*** Data for this task Section Begins ***
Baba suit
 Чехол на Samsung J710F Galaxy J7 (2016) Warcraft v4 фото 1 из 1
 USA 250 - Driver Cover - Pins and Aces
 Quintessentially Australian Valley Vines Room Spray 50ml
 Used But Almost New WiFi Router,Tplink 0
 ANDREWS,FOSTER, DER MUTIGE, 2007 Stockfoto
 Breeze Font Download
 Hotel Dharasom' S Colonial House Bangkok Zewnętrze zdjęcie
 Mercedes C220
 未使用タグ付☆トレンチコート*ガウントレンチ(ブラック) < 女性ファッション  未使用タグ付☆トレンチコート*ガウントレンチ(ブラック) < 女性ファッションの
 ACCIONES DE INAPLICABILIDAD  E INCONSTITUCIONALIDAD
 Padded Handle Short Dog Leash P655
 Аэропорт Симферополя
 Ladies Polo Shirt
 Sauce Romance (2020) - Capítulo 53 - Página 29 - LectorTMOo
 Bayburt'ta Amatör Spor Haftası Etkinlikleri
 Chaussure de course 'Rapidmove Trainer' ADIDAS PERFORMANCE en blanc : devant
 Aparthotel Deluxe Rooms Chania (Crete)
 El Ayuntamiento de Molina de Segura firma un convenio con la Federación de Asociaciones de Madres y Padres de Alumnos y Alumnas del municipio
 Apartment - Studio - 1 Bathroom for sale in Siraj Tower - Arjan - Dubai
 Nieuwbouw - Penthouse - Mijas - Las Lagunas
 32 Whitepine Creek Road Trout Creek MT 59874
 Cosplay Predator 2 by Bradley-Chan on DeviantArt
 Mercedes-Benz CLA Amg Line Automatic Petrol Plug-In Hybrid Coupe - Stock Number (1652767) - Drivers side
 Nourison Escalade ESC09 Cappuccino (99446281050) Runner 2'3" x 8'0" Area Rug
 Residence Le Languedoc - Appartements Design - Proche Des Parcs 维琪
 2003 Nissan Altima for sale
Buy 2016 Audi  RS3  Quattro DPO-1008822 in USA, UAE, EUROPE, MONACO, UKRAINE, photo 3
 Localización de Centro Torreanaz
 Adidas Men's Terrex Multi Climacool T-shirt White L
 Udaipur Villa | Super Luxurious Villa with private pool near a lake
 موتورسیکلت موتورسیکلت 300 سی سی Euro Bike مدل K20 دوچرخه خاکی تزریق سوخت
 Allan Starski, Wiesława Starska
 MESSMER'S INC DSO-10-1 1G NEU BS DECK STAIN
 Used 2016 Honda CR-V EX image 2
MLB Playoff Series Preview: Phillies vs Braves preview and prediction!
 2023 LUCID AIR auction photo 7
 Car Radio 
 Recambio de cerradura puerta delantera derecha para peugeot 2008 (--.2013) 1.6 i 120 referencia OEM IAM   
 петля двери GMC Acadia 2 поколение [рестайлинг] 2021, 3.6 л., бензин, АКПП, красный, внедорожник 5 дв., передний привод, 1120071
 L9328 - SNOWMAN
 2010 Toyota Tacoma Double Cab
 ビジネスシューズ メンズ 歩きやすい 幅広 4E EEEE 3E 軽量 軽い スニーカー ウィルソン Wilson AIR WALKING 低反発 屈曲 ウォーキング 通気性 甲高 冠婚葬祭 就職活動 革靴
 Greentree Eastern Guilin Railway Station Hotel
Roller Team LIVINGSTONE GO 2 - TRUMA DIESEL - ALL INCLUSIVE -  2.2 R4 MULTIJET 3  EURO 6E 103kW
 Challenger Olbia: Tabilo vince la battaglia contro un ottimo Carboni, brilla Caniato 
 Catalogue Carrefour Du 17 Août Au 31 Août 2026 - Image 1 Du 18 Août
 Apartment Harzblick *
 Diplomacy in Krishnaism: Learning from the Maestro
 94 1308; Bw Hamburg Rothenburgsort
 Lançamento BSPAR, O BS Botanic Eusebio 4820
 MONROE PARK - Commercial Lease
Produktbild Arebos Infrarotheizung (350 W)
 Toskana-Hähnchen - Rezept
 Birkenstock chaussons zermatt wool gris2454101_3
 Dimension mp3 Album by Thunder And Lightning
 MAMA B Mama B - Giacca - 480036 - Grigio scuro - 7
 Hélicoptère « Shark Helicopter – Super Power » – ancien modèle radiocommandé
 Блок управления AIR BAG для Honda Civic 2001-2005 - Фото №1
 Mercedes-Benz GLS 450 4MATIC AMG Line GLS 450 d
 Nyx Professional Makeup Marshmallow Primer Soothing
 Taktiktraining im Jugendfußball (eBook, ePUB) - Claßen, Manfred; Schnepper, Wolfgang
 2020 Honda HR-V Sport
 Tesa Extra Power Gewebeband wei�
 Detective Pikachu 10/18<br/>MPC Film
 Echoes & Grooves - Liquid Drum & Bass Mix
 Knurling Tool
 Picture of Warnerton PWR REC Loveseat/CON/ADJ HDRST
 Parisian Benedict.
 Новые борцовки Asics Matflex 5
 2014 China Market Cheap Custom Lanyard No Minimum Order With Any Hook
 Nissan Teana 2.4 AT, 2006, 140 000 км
*** Data for this task Section Ends ***
**What the exercise asks:**
Every line above that holds the word "Honda" is to be found and copied.

**Answer section:**
 Used 2016 Honda CR-V EX image 2
 Блок управления AIR BAG для Honda Civic 2001-2005 - Фото №1
 2020 Honda HR-V Sport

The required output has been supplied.